I visited the Canadian guitar player's association, and that is a major player in the guitar forums movement. but hell, they would simply not do anything about me and my account that I signed up for and did not EVER get activated. so yeah, i quit them, did a google search, and found gutars canada, which, by the way, is a much better forum.


----------



## DavidS (Jul 10, 2009)

Lets Talk Guild. All things for Guild products. 

http://www.letstalkguild.com/ltg/forum.php


----------



## bagpipe (Sep 19, 2006)

Way to ressurect an old thread: 7.5 years since the last post. Thats got to be some kind of record.


----------



## sambonee (Dec 20, 2007)

I just felt like voting for something. !!


----------



## Diablo (Dec 20, 2007)

bagpipe said:


> Way to ressurect an old thread: 7.5 years since the last post. Thats got to be some kind of record.
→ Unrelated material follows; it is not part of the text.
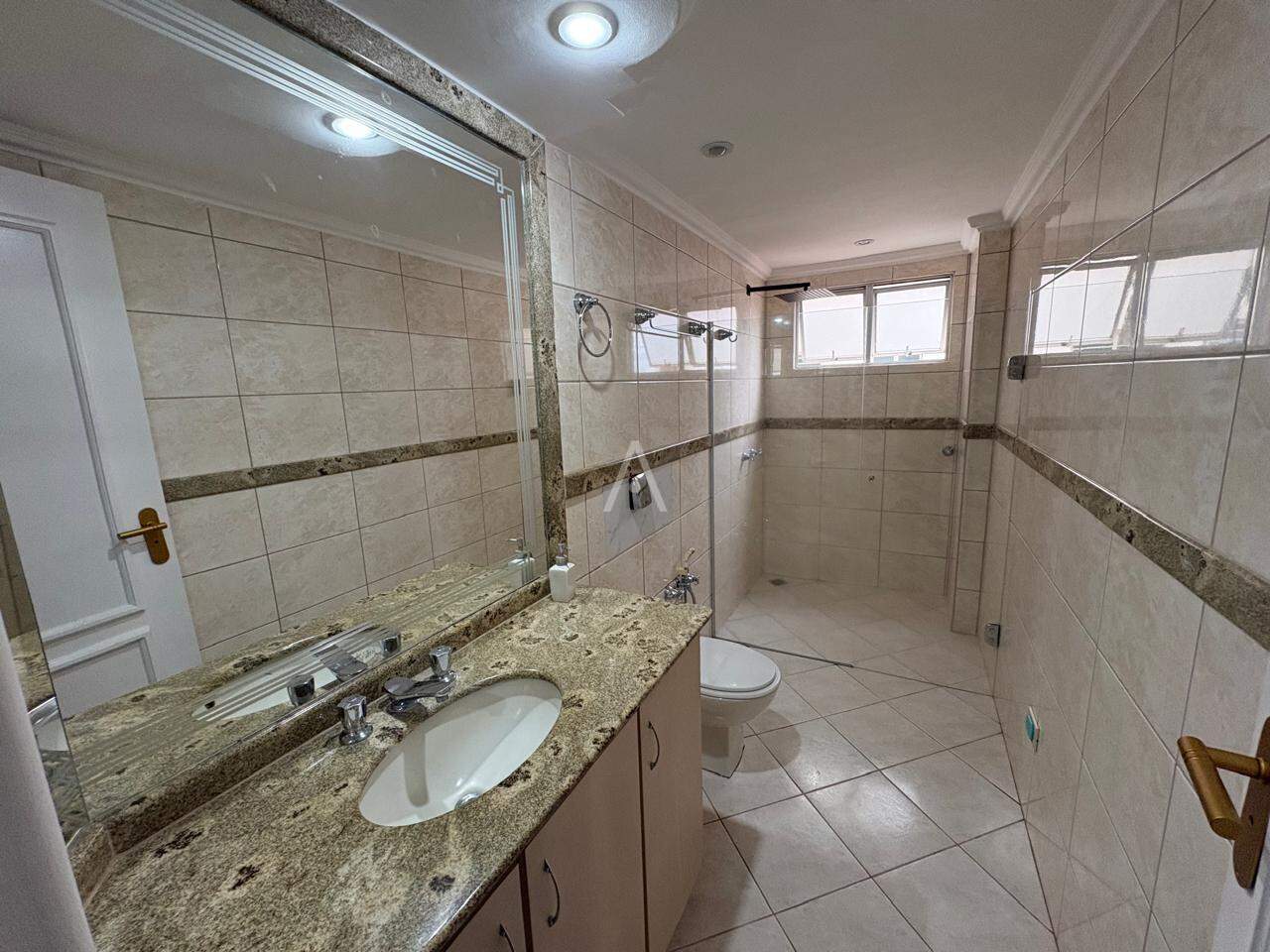 Apartamento para à venda no Bairro CENTRO em CASCAVEL: Bwc social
Judging by some of his other posts, I'd say he has Guild fever


----------



## 67mike (Feb 20, 2014)

PaulS said:


> The Gear page is a great place lots of info, also goto Birds and Moons. HC is good for a chuckle once in a while, getting really OT over there. Have visited many of the others, LP forum, Fender Forum, Epiphone etc, but I like GC the best... :smilie_flagge17:


The gear page is a good source of info.........too bad Scott Peterson is such a dickbag who bans people for really minor issues.


----------



## DavidS (Jul 10, 2009)

bagpipe said:


> Way to ressurect an old thread: 7.5 years since the last post. Thats got to be some kind of record.


You're welcome.


----------



## bluesguitar1972 (Jul 16, 2011)

I usually go to mylespaul.com
Great site, helpful members.


----------



## doriangrey (Mar 29, 2011)

I only visit two forums - this one and Jemsite. I like visiting Jemsite too because Ibanez guitars are my favourite...I dream of owning a J-Custom some day... this is a much more active forum than jemsite and I enjoy chatting with other Canadian guitar lovers =)


----------



## smorgdonkey (Jun 23, 2008)

67mike said:


> The gear page is a good source of info.........too bad Scott Peterson is such a dickbag who bans people for really minor issues.


HAHA!! That's hilarious!

I don't know the admins' names but they have been known to hand out infractions and bannings like blindfolded dart throwers.


----------



## bagpipe (Sep 19, 2006)

smorgdonkey said:


> HAHA!! That's hilarious!
> 
> I don't know the admins' names but they have been known to hand out infractions and bannings like blindfolded dart throwers.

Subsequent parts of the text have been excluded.